### WHAT YOU HAVE TO DO
Word for word, please copy the listing below, with its pictures left out.

### AVAILABLE DATA
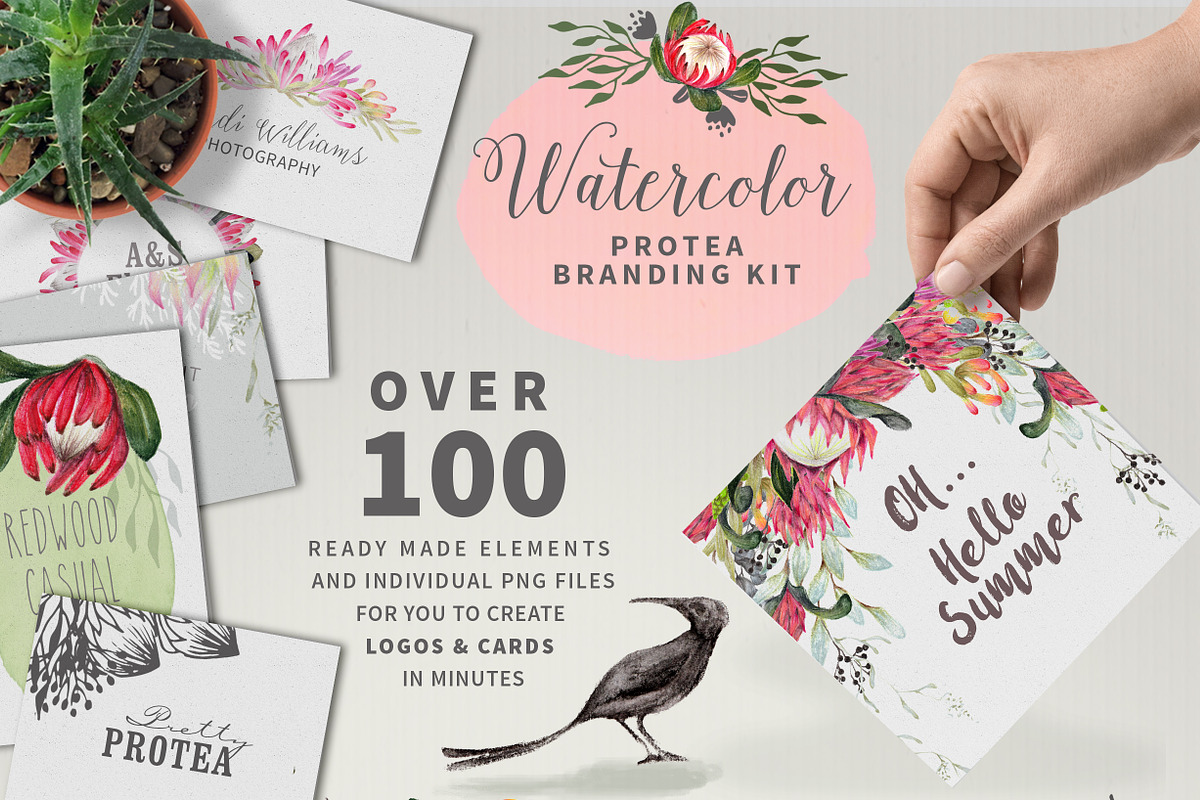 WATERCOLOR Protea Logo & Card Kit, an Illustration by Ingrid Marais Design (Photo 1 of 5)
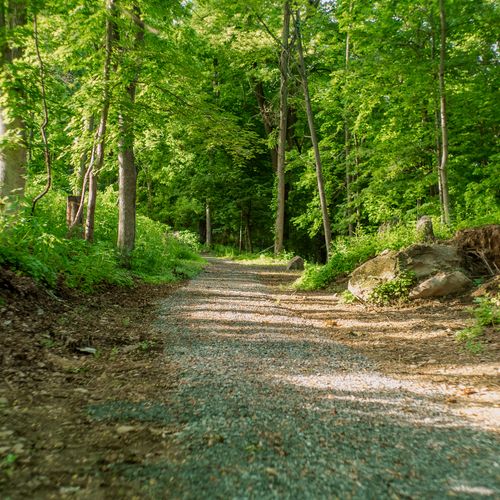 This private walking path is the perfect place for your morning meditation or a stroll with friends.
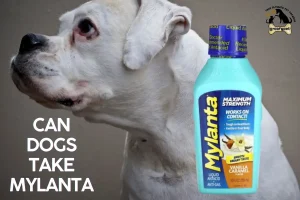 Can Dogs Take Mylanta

### TASK RESULT
 WATERCOLOR Protea Logo & Card Kit, an Illustration by Ingrid Marais Design (Photo 1 of 5)
 This private walking path is the perfect place for your morning meditation or a stroll with friends.
 Can Dogs Take Mylanta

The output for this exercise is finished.